- Kevin McCollester
Updated: Oct 16, 2019
According to Wikipedia, Compound Interest is defined as "the addition of interest to the principal sum of a loan or deposit, or in other words, interest on interest." Albert Einstein purportedly said that "Compound interest is the eighth wonder of the world", and Benjamin Franklin said "Money makes money. And the money that money makes, makes money”.
So what exactly is compound interest and why is it so important a factor in wealth building?
Let's assume that a 30 year old begins to save and puts $500 every month into an account earning 5% interest and never takes any of the money out. The graph below shows you what that uninterrupted compound interest will do to that account. Notice how the volume of interest earned grows at an ever increasing rate. This is the "magic" of compound interest. After one year, you have saved $6,000 and earned $139.43 of interest. In year 30, the interest earned is over $20,000!! This is because you are earning interest on all of the prior years' deposits and interest on all of the interest earned in all of the prior years - just like Benjamin Franklin observed.
If we were to continue this process out for 100 years, the interest earned in the 100th year would be over $850,000!!! That is more than the total amount that was saved over that time period ($600,000).
While we all would love to be earning the interest on the right side of the graph, we cannot get there without starting on the left and allowing compound interest to do its thing.
This exponential curve is also referred to as the "wealth curve". If we were able to take every penny that we ever earned and saved it, the curve would represent our "maximum potential" at any point in time. But as they say, "life gets in the way". If the above example of saving $500 per month was really our "car buying account", every time we took money out of the account to buy a car (for cash), we "fall off" the wealth curve.
This graph represents saving $500 per month and every 5 years buying a car for $25,000 in cash. Notice how at the end of 30 years, instead of having over $400,000, we would only have a little over $100,000. And yet we only spent $150,000 on cars (6 X $25,000). So by "falling off" the wealth curve and interrupting compound interest, we lost over $150,000 in interest!

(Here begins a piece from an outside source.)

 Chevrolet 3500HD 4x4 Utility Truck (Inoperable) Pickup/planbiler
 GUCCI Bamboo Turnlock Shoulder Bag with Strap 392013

So the key point here is to start saving early and let compounding work for you. When you implement the family banking strategy using a correctly constructed whole life policy, you are able to stay "on" the wealth curve because the cash value in your policy continues to grow at the same rate even if you borrow against it to make purchases.
Staying "on" the wealth curve is the key to financial freedom, not chasing higher returns in higher risk investment options. As Warren Buffet said, "Time is your friend, impulse is your enemy. Take advantage of compound interest and don’t be captivated by the siren song of the market."